**The data**

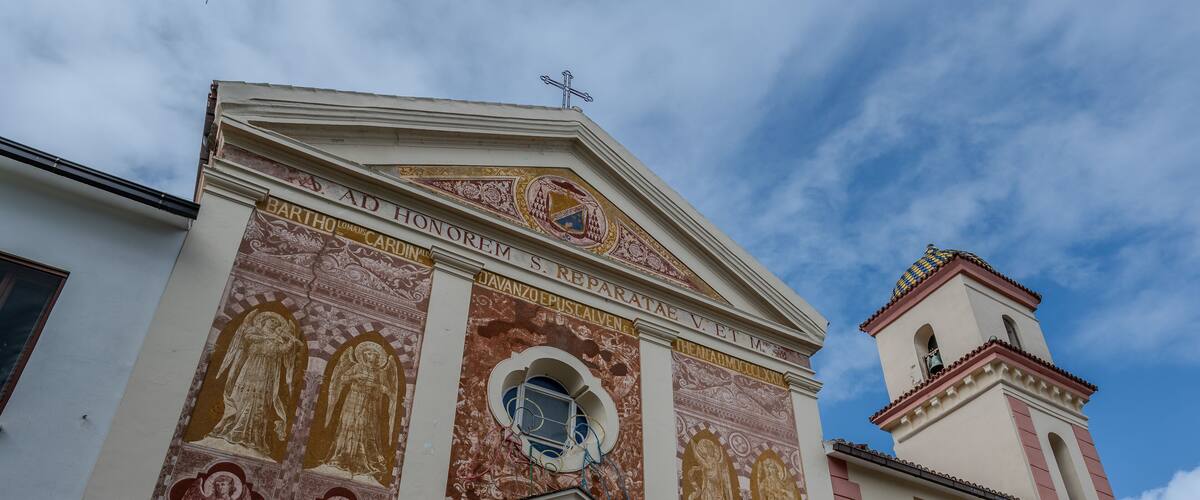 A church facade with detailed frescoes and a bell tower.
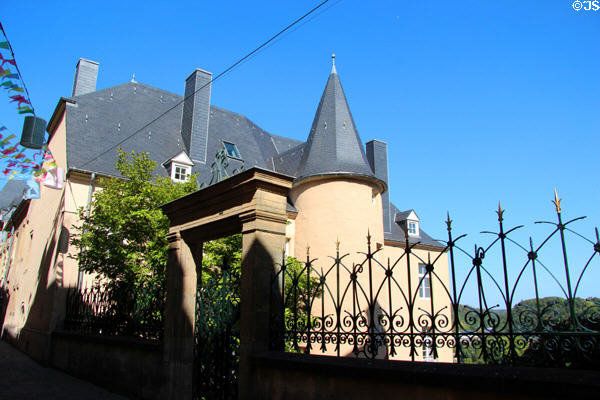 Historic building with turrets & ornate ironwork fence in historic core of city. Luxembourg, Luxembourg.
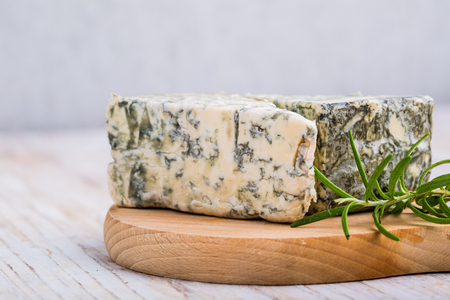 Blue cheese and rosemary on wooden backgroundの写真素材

**What you need to do**
Repeat the data above exactly, leaving out any pictures it holds.

**Solution for this exercise**
 A church facade with detailed frescoes and a bell tower.
 Historic building with turrets & ornate ironwork fence in historic core of city. Luxembourg, Luxembourg.
 Blue cheese and rosemary on wooden backgroundの写真素材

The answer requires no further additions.